A decade after Republicans launched a sweeping redistricting strategy known as Project REDMAP, attorney and political commentator Danielle Bess says many Americans still do not fully understand how the effort reshaped congressional power nationwide.

In a recent Instagram video, Bess warned viewers that Republicans have spent years strategically targeting state legislatures to gain long-term control over congressional maps and electoral outcomes.

“Republicans have been planning to steal your vote since 2011 and most people have never even heard of it,” Bess said.

Bess made the remarks during a discussion with Marina Jenkins, executive director of the National Democratic Redistricting Committee (NDRC), the organization founded by former U.S. Attorney General Eric Holder and former President Barack Obama to combat partisan gerrymandering and voting map manipulation.

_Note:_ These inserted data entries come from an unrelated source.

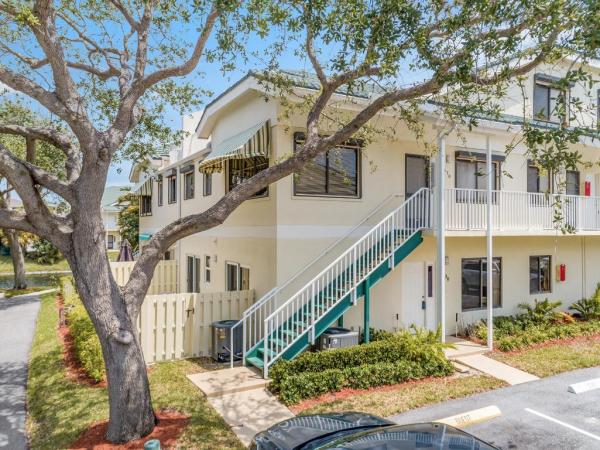 Bella Vista On The Park, 530 Bella Vista Ct S, Jupiter, Florida 33477, image 2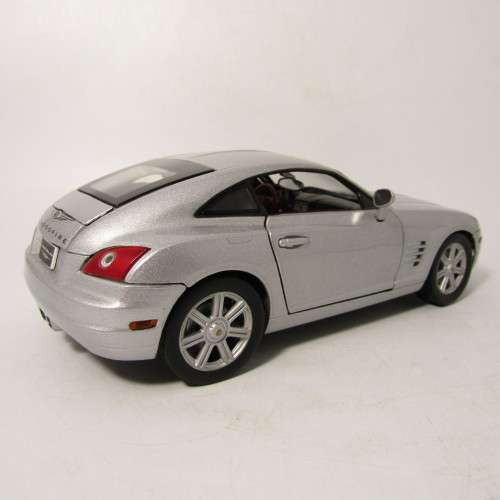 Motor Max Chrysler Crossfire model car - scale
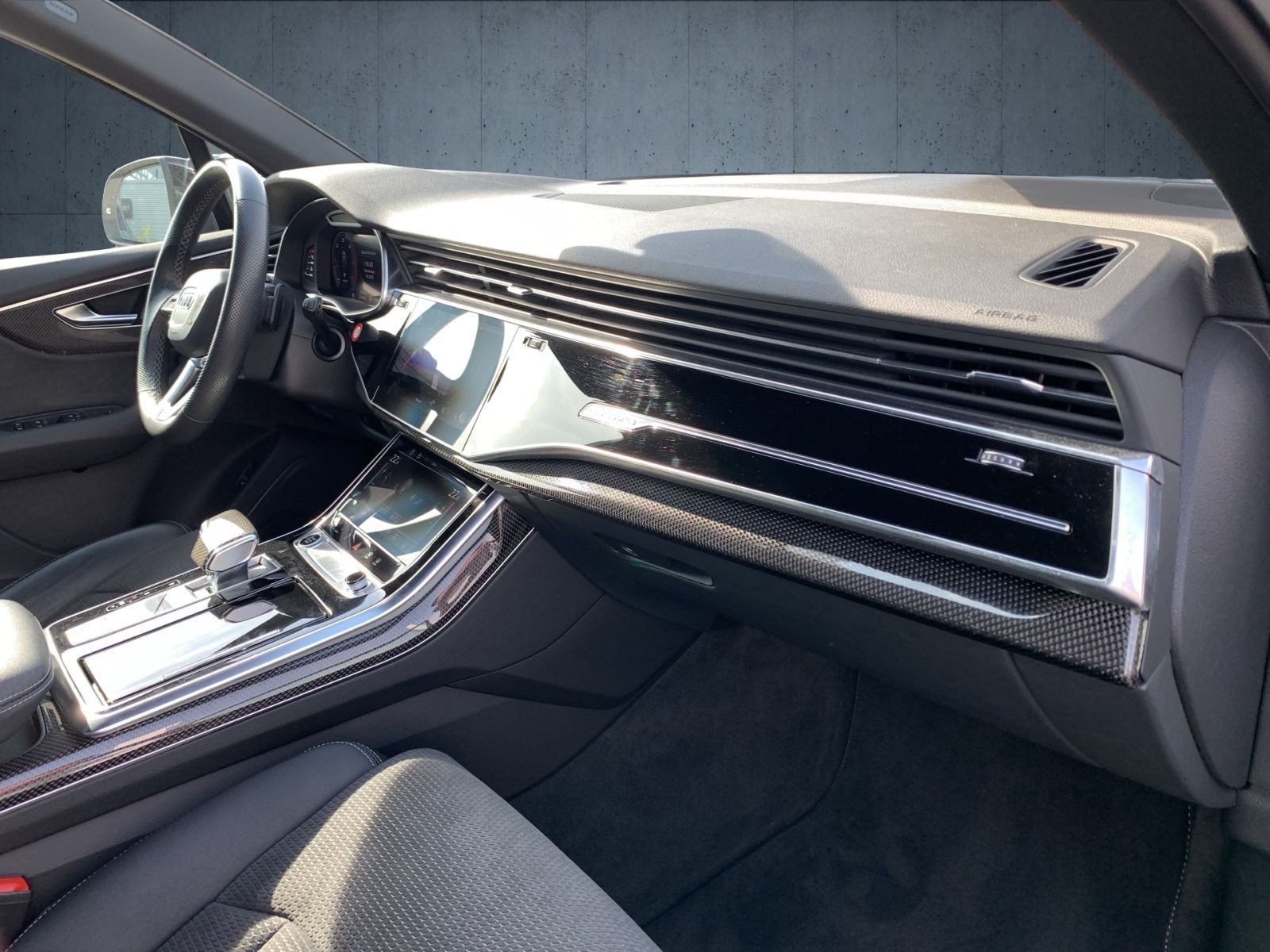 Audi - Q7_17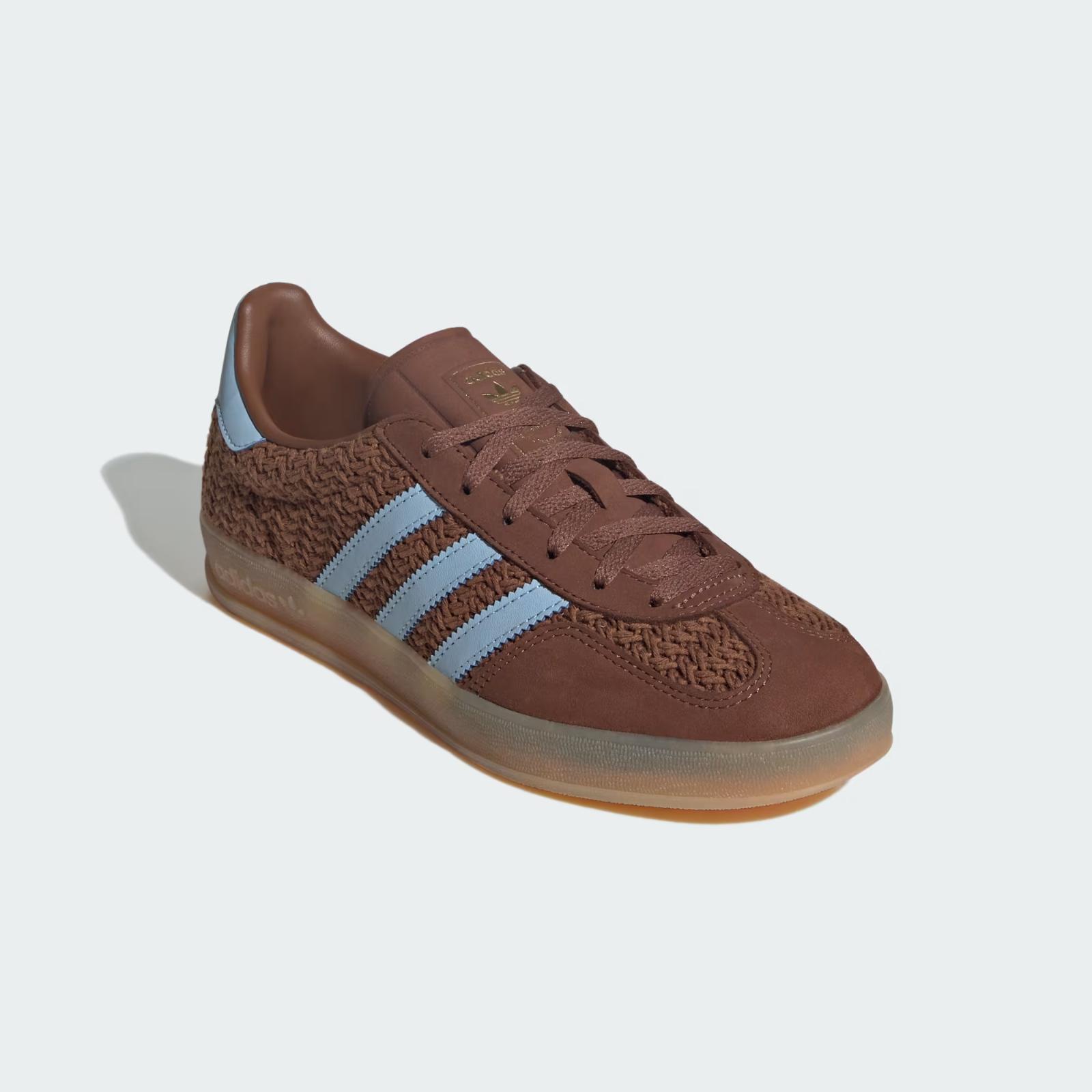JS1417 adidas Originals Gazelle Indoor Preloved Brown Clear Sky Gum (Women s) 10W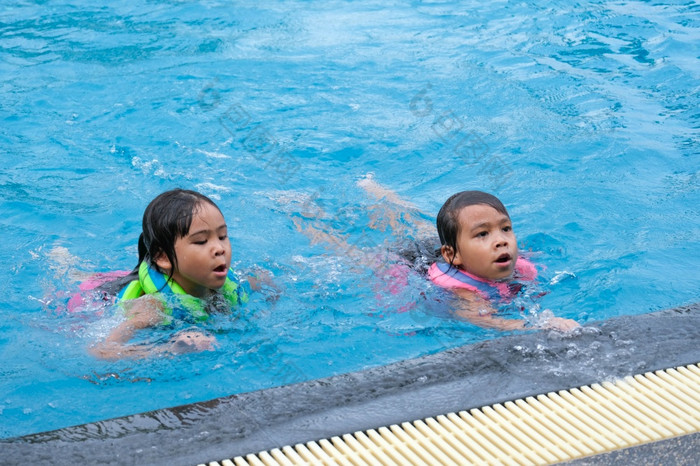 快乐小姐妹玩户外游泳池热带度假胜地在家庭夏天假期孩子们学习游泳健康的夏天活动为孩子们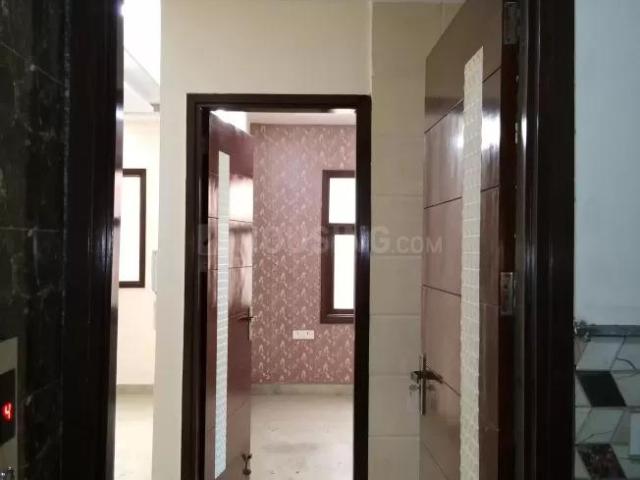 2 BHK Apartment in Sector 13 Rohini for resale New Delhi. The reference number is 18650026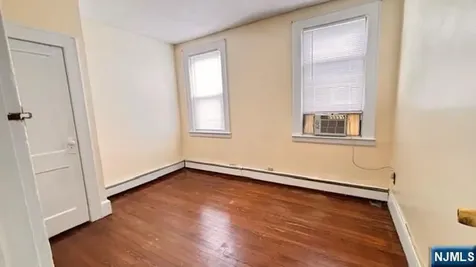 758 Hamilton Street Harrison NJ 07029
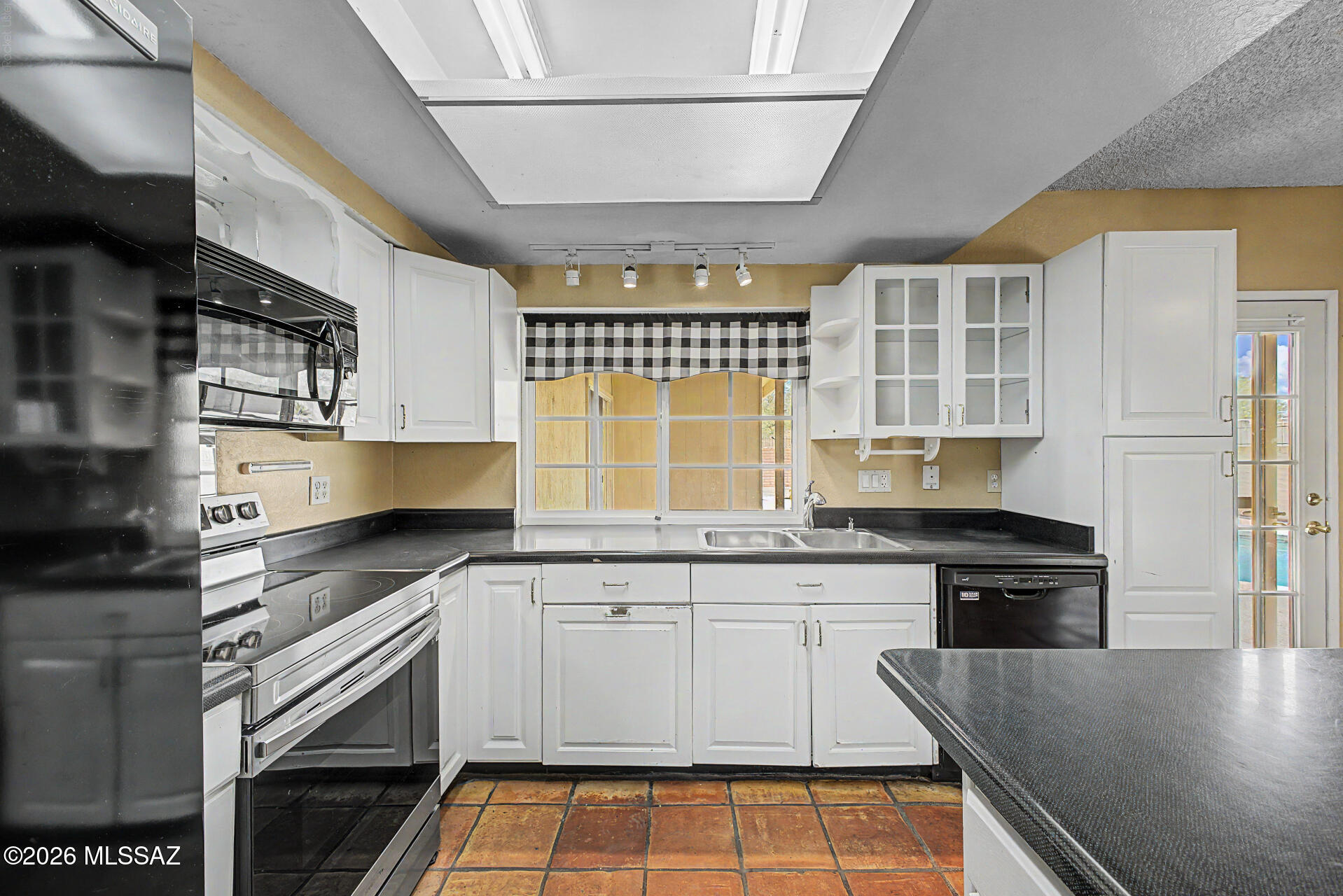 Casas Adobes West (1-220) - Residential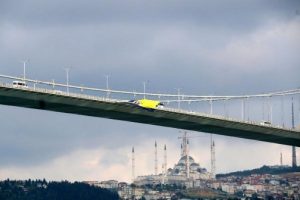 Fenerbah&ccedil;e bayrağı k&ouml;pr&uuml;ye yeniden asıldı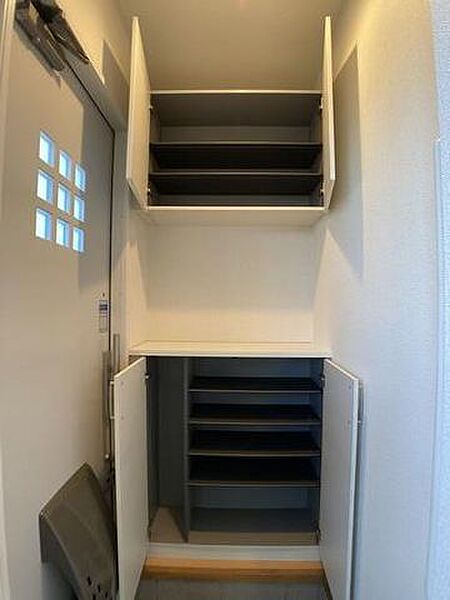 apartment 茨城県常総市内守谷町きぬの里３丁目7-7
地図を見る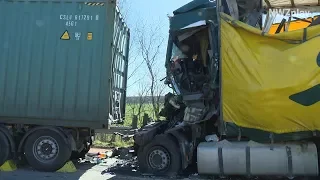 A1 bei Groß Ippener - Fünf Lkw in Unfall verwickelt - Ein Toter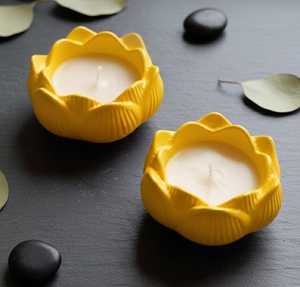 เทียนหอมในโถเซรามิกรูปดอกบัว พร้อมกล่องแบรนด์ตามสั่ง มีจำหน่ายในราคาขายส่งจากผู้ผลิตในอินเดีย - Product Image 1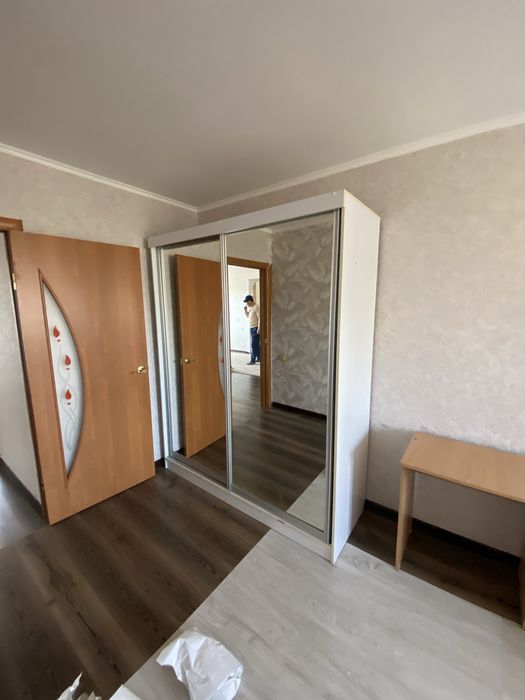 Шкаф-купе белый, 2-х дверный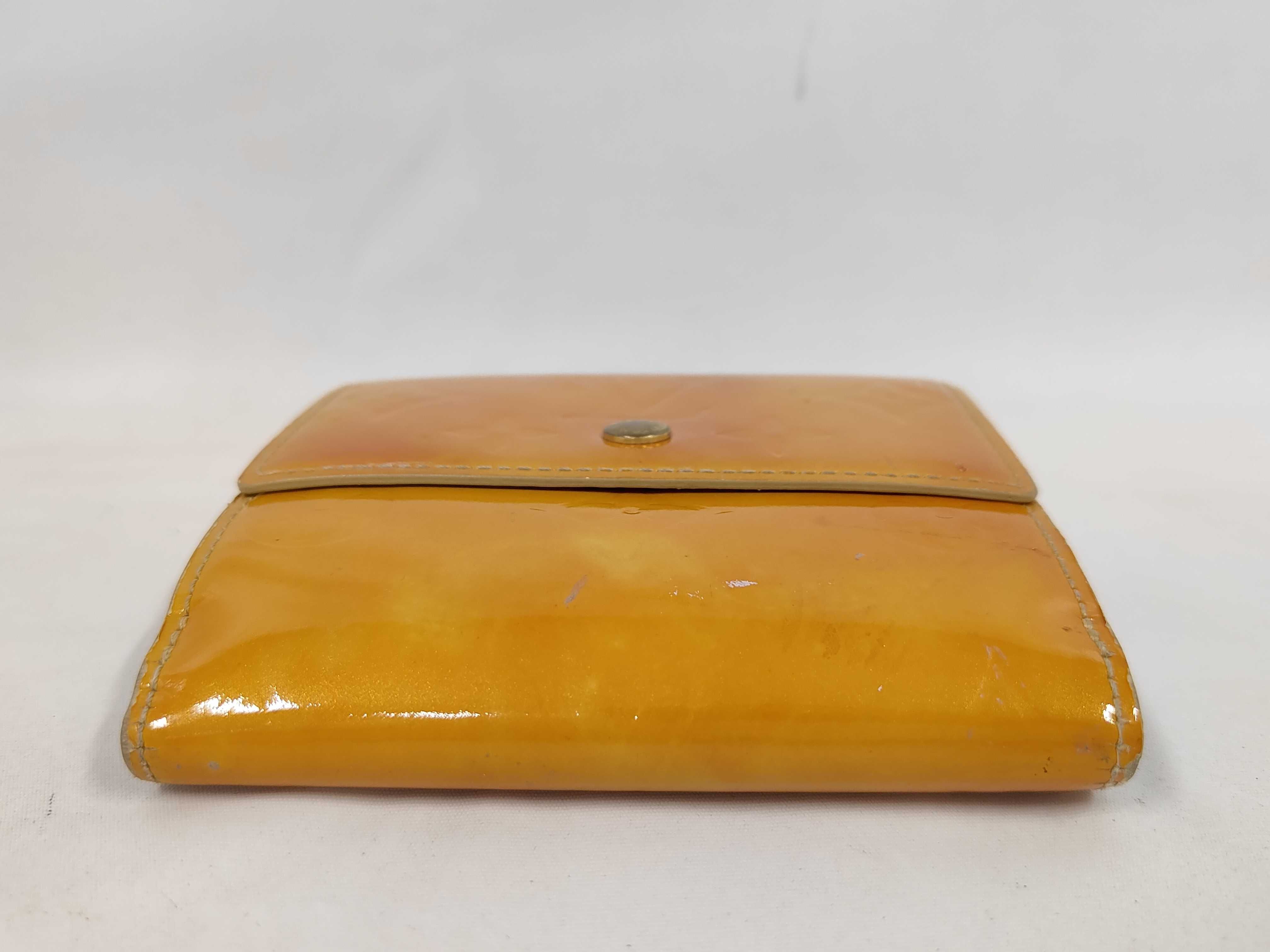 Vernis / Vernis / Porte Monnaie Billet Carte Credit / M91349 / TH0023 / Folding Wallet / Enamel Wallet — view 4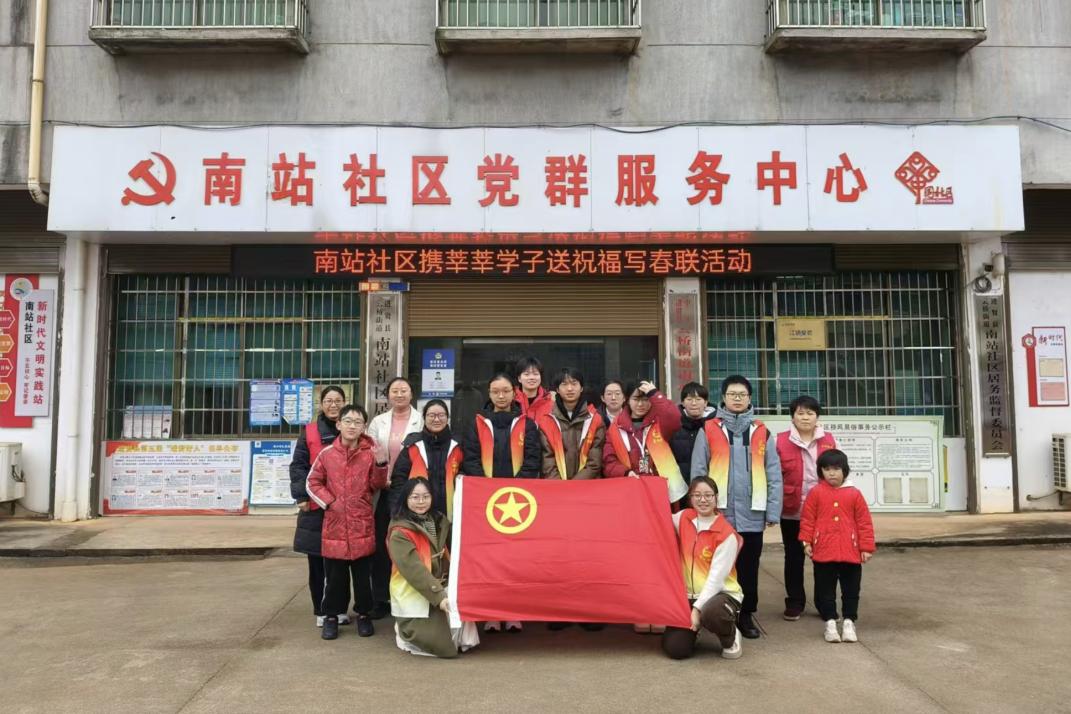 莘莘学子挥毫泼墨，社区居民笑迎新春！这场活动为何如此暖心？  第5张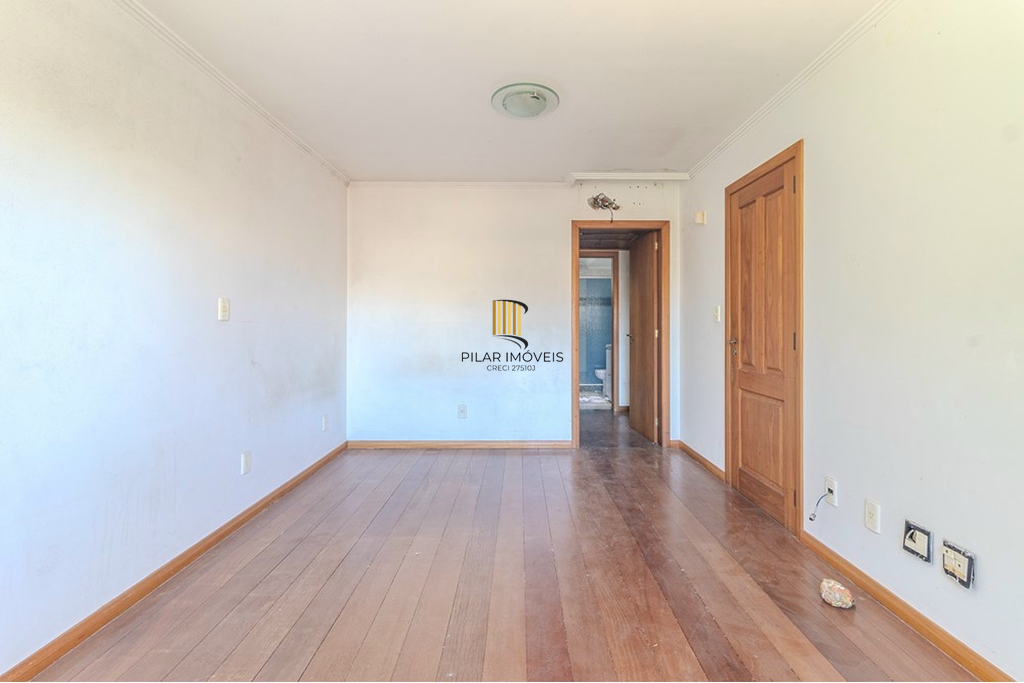 Casa 3 dormitórios no bairro Chácara das Pedras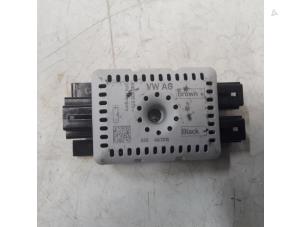 Gebruikte Antenne Versterker Volkswagen Golf VII (AUA) 1.6 TDI BlueMotion 16V Prijs € 26,25 Margeregeling aangeboden door Reclycar De Boer BV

Project REDMAP — short for Redistricting Majority Project — was launched by Republican strategists ahead of the 2010 midterm elections with a focused plan to win control of key state legislatures before the once-a-decade redistricting process began in 2011.

According to Jenkins, the strategy succeeded in allowing Republicans to redraw congressional boundaries in ways that gave the party structural advantages lasting for years.

“They had a really coordinated strategy to take over state houses across the country to ensure that they had control of redistricting,” Jenkins said in the interview. “They were successful and they built an incredible amount of bias into the national congressional map.”

The strategy became one of the most consequential political operations of the modern era because congressional district boundaries largely determine how voters are grouped and which party is favored in elections.

Critics of partisan gerrymandering argue that heavily manipulated maps can allow politicians to effectively choose their voters rather than voters choosing their representatives.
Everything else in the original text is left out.